This is a wake-up call.

Those of us on the ground in the Amazon know that Bolsonarism—much more persistent and enduring than the creature it is named for—is preparing to return to power in 2026. A great many of the town halls and council chambers in Amazon cities are dominated by proponents of Bolsonarism, and next year’s municipal elections should bring little change in this regard. Bolsonarism is a way of seeing the world and of relating to everyone else, the most predatory way of seeing the world and relating to everyone else. It is a local name for twenty-first century fascism—fascism in times of climate mutation. And it remains extremely active.

This is why there is something we must tell those who would prefer to cling to their illusions: Lula’s win was episodic. It was part of a battle. Even if Bolsonaro goes to prison, where he belongs, the fascism bearing his name is far from defeated. Just look at the Brazilian Congress. Furthermore, throughout the Amazon, people’s lives have been threatened. Many of those forced to live as refugees to avoid being assassinated by nature destroyers, even after power changed hands, are still residing in unhealthy, often undignified places of refuge, with no way of returning to their territories, to their homes, because the violence is being perpetuated. So our journalism must remain vigilant and rigorous, on a constant state of alert, so that fascism does not once again occupy the seats of central power—since it never disappeared from daily life in Brazil.

Then we come to Lula and our coverage of his administration. Brutal events in Brazil in recent years, especially from the 2010s on, seem to have numbed part of the population, even those who consider themselves enlightened. Journalism is fundamental to democracy for several reasons, a primary one being government oversight on behalf of the public. If a government is truly democratic, beyond mere discourse, it will want a press that criticizes and scrutinizes it, because this will help it refine its actions and correct any detours from campaign pledges.

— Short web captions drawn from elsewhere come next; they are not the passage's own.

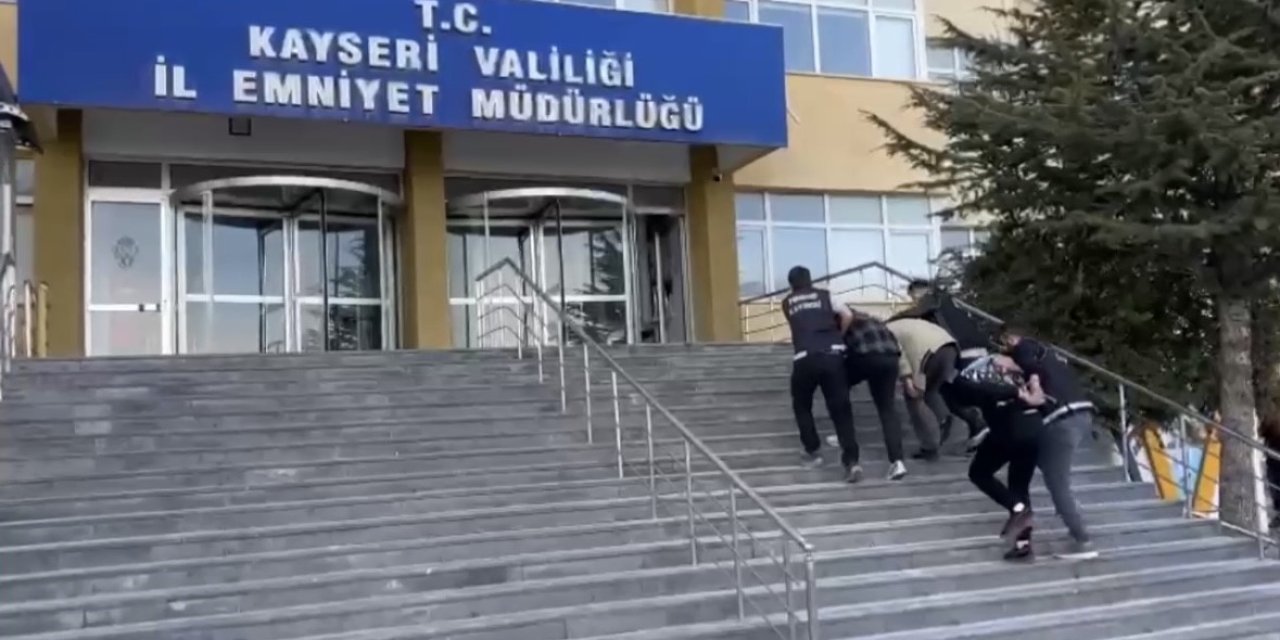 Midelerinden Uyuşturucu Kapsüller Çıktı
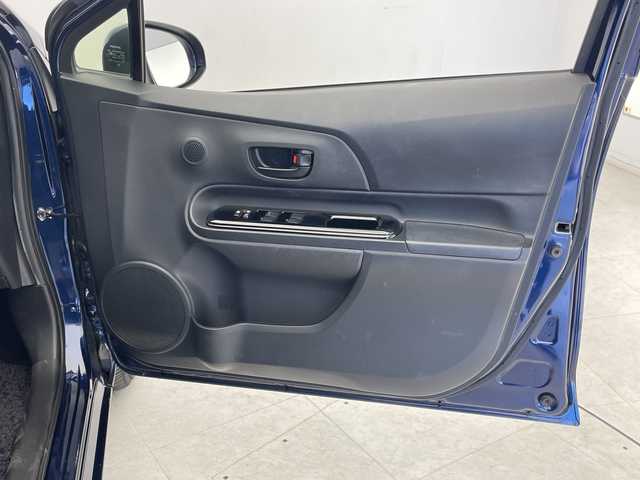 トヨタ アクア S スタイルブラック 千葉県 2016(平28)年 4.4万km ダークブルーマイカ トヨタセーフティーセンス/衝突軽減ブレーキ/レーンキープアシスト/純正7インチナビ（NSCP-W64）/　（Bluetooth/CD/DVD/TV）/バックカメラ/社外ETC/前後ドライブレコーダー(TZ-D205W)/純正フロアマット/オートハイビーム/フォグライト/電動格納ミラー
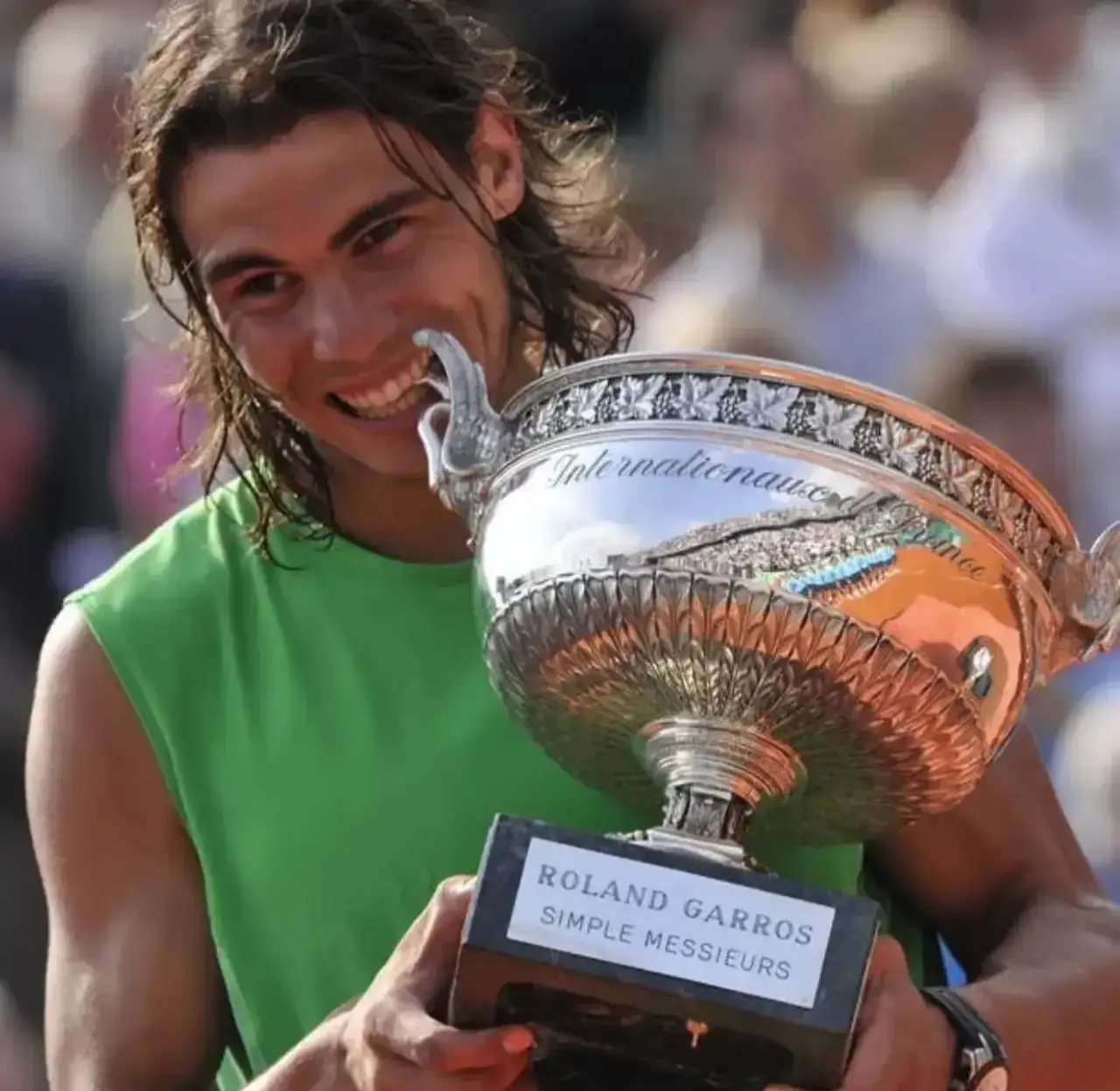 包含法网翻盘戴维斯杯，纳达尔惊艳四座的词条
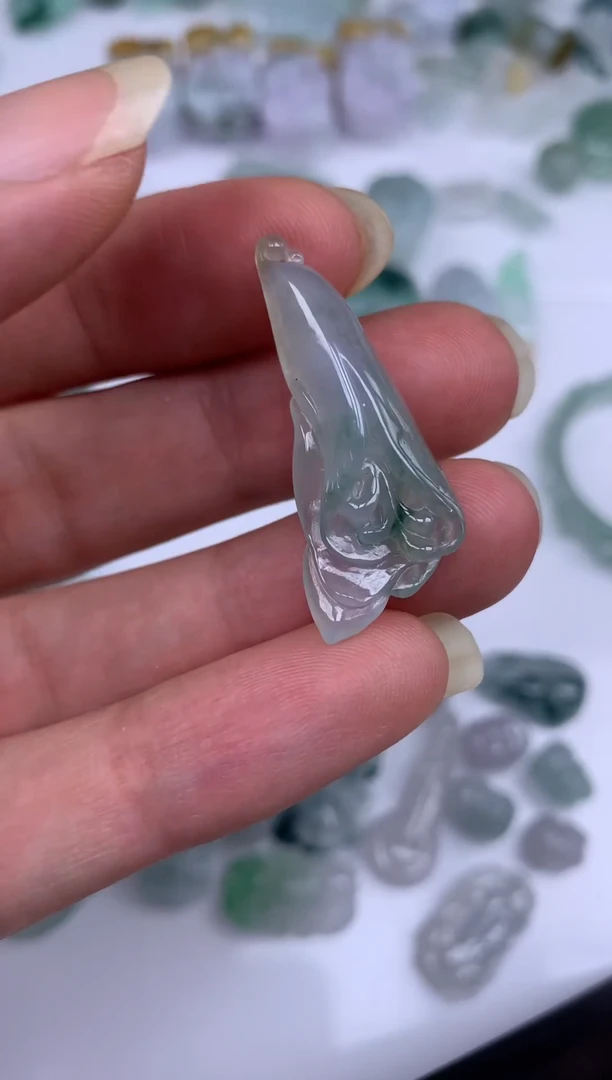 翡翠未镶嵌颈饰花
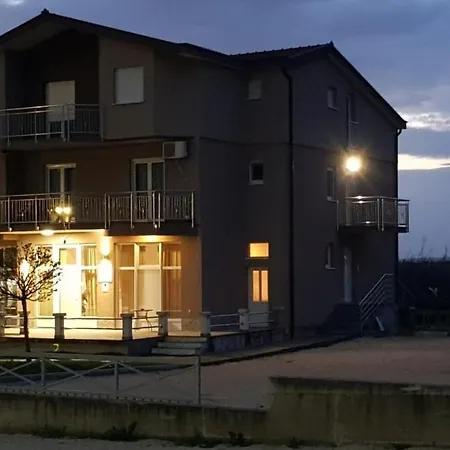Hotel Aurora 3*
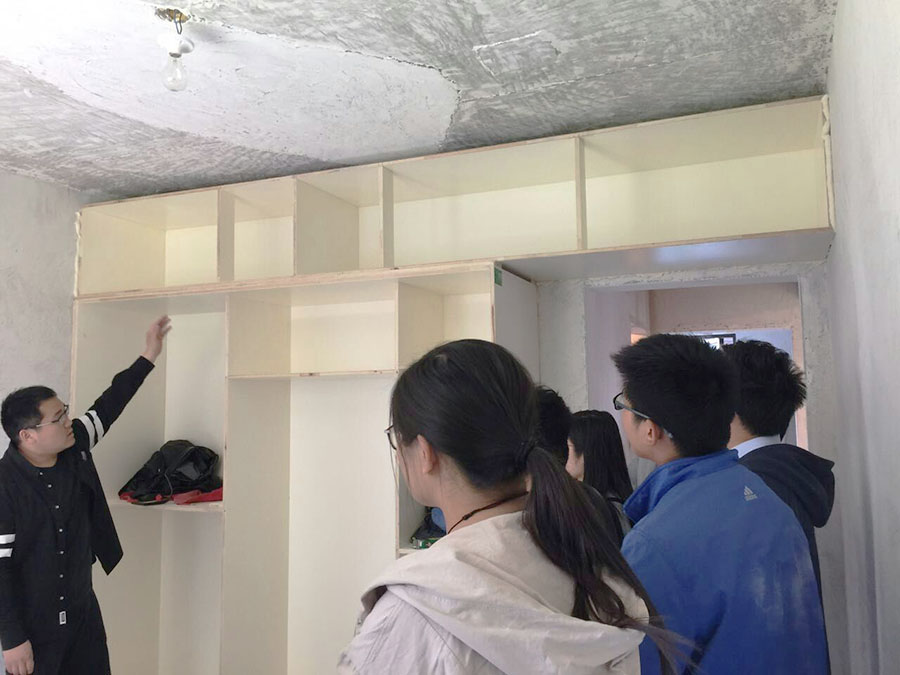 商丘奇翼設(shè)計(jì)學(xué)院4月23號(hào)工地實(shí)踐課(量房、水電)現(xiàn)場(chǎng)！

This is what SUMAÚMA continues to do now with Lula’s administration—and all state and municipal administrations we write about. Our duty to democracy and to the very essence of journalism is to engage in criticism, analysis, and rigorous, responsible investigation. In our editorials, we publicly positioned ourselves in favor of voting for Lula right from the first round of the 2022 elections, because we had to defeat fascism, and Lula was by far the best candidate. But we will never kowtow to those in power. SUMAÚMA kowtows to no one.

Ever since it became clear that SUMAÚMA would keep on doing critical, responsible, and rigorous journalistic coverage of Lula’s government as well, we have been the target of attacks by the sector of PT militants that has learned nothing from the experiences of recent years. Supposedly, according to this slice of the PT and to the left, criticizing the Lula administration is tantamount to wanting Bolsonaro back—an idea so bereft of logic that it is almost embarrassing to mention it. This group hasn’t understood that the exact opposite is the case: critical, rigorous, and responsible journalism helps truly democratic rulers govern better—and this undermines fanaticism, which guarantees its survival by constantly expunging any fact not in its favor.

This lesson should have been learned during past PT governments. The Belo Monte hydroelectric dam, which transformed the Middle Xingu region and triggered an ongoing humanitarian and ecological disaster, will forever tarnish the legacy of Lula, Dilma Rousseff, and the PT. The same is true of other major hydroplant projects in the Amazon, such as Jirau and Santo Antônio, on the Madeira River, and Teles Pires, on the homonymous river—projects just as disastrous as Belo Monte but which have received much less attention from the press.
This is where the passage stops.